#### [Data records]
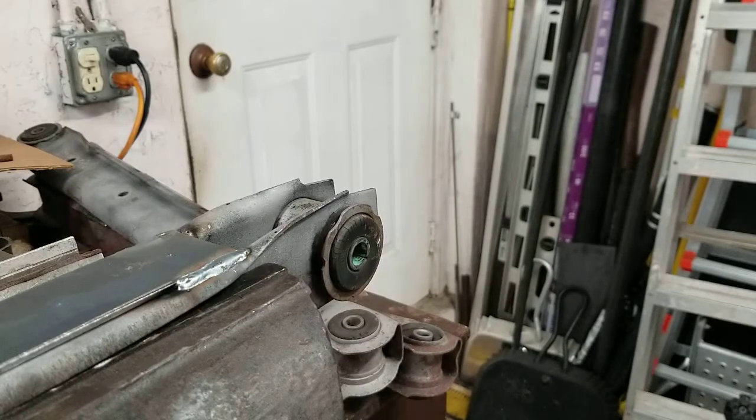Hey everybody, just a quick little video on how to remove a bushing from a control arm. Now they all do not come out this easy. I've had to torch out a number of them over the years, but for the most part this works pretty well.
---
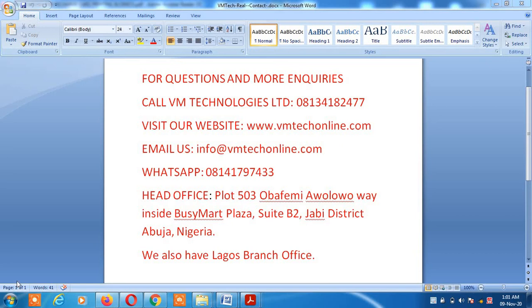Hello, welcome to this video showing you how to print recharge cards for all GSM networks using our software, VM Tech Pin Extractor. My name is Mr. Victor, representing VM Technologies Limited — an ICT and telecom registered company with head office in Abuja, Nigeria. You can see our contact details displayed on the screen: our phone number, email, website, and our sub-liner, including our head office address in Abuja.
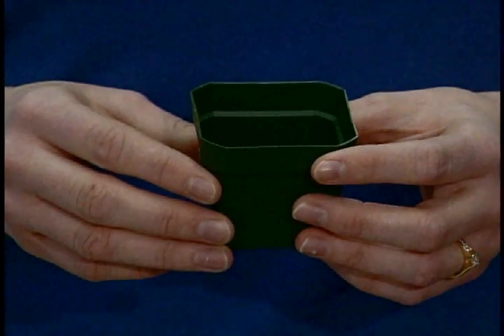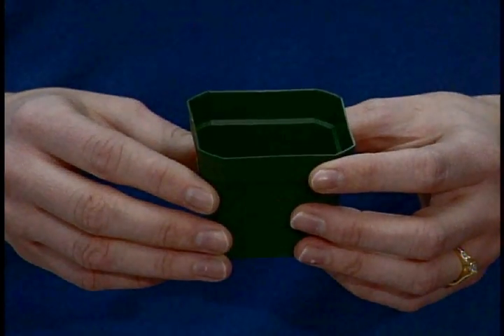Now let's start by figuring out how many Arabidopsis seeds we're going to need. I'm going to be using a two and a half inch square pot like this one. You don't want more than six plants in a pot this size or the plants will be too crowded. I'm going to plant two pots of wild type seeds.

#### [Exercise objective]
Please transcribe exactly the part of the records that opens with the line containing "Hello, welcome to" and closes with the line containing "Now let's start", both ends included, and leave out the pictures.

#### [Task solution]
Hello, welcome to this video showing you how to print recharge cards for all GSM networks using our software, VM Tech Pin Extractor. My name is Mr. Victor, representing VM Technologies Limited — an ICT and telecom registered company with head office in Abuja, Nigeria. You can see our contact details displayed on the screen: our phone number, email, website, and our sub-liner, including our head office address in Abuja.
Now let's start by figuring out how many Arabidopsis seeds we're going to need. I'm going to be using a two and a half inch square pot like this one. You don't want more than six plants in a pot this size or the plants will be too crowded. I'm going to plant two pots of wild type seeds.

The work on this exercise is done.